Towards the end of the gloomy winter here in southwest Germany, I’m usually starved for telltale signs of spring: tulips and daffodils, birds singing before sunrise, earthworms scattered on the sidewalks (which I try my best not to decapitate), and the fresh scent of dirt in the warming air.
But before these signs start to emerge, there’s one annual occasion in Germany that’s meant to lighten the mood first.
I had always equated Carnival with New Orleans, Rio de Janeiro, boobs, beads, and booze (despite its religious connection). Being non-religious and not really the hedonistic type, it was never really an occasion that appealed to me. And growing up in the Canadian Maritimes, it was outside my realm of familiarity.

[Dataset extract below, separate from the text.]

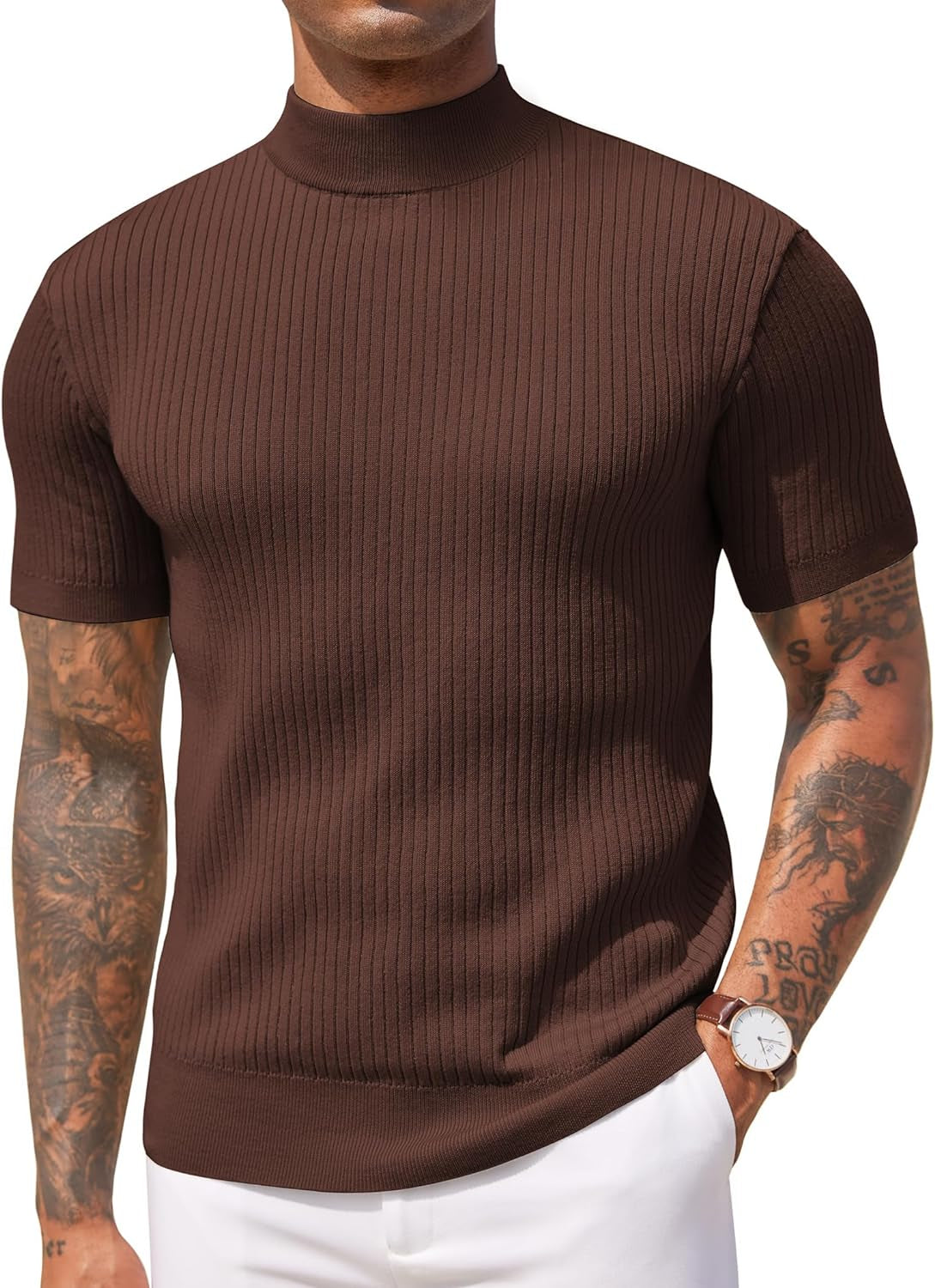 Men's Mock Turtleneck Sweater Short Sleeve Casual Basic Pullover Sweater Ribbed Knit Pullover Solid Tee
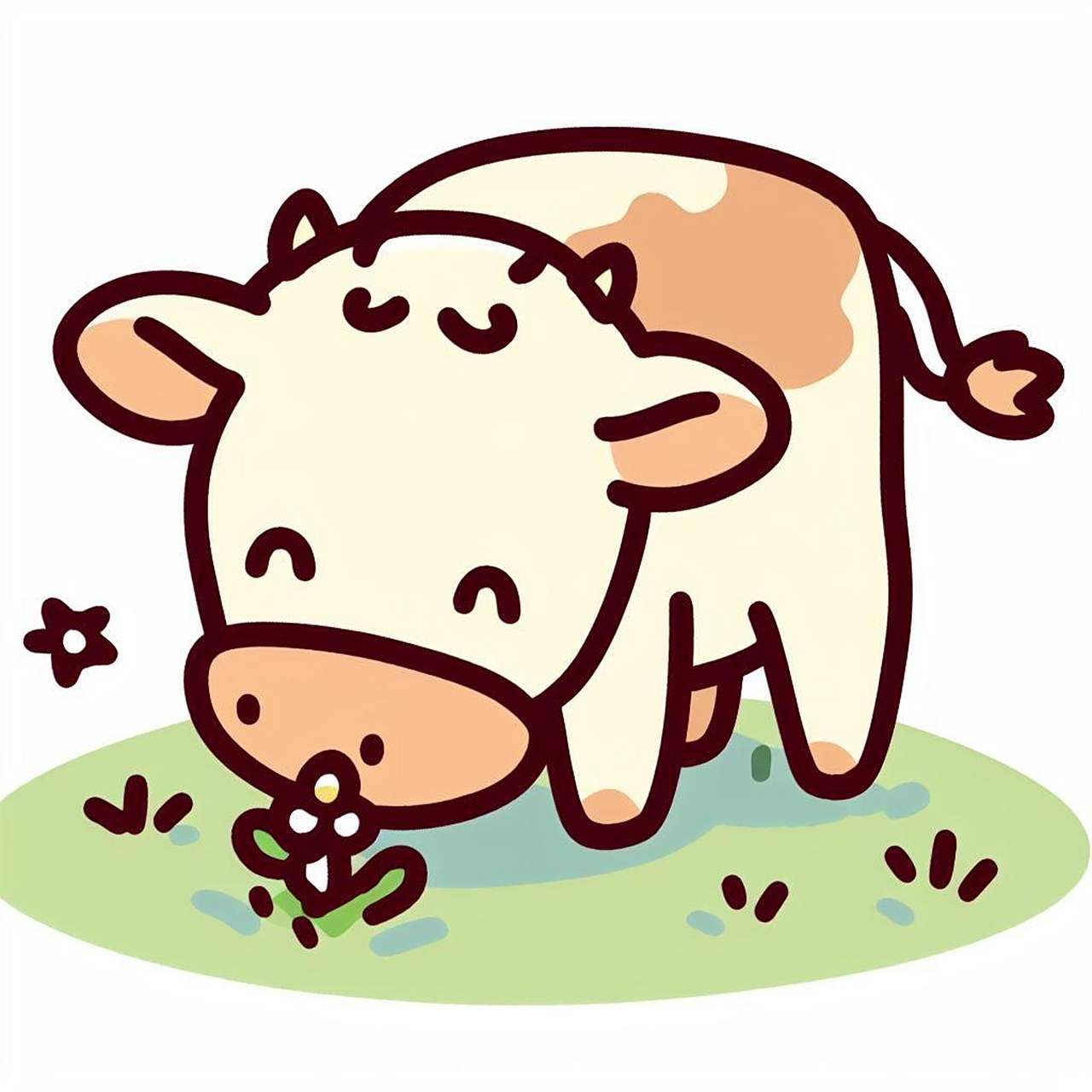 给女儿的涂色简笔画 - 爱吃草的小牛 打印出来涂色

I actually didn’t realize that Germans celebrated Carnival (Karneval) until I moved here a few years ago. I passively acknowledged it in the city I live in, Mannheim, where a fair is always set up in front of the Wasserturm (“water tower,” the central monument in the city) and costumed folk (Hästräger) take to the main street to indulge in beer, bratwurst, and music (often horrendous—sorry fans of schlager). Given that I live just around the corner, it was hard not to notice, but Mannheim is by no means Karneval central—that reputation belongs to Cologne (Köln).
At first glance, I likened the whole thing to Halloween in North America—basically an excuse to party. But after doing some research, I realized that the days leading up to Lent in Germany signified more than a Church-approved free pass to let loose—it’s actually pretty serious business in some regions.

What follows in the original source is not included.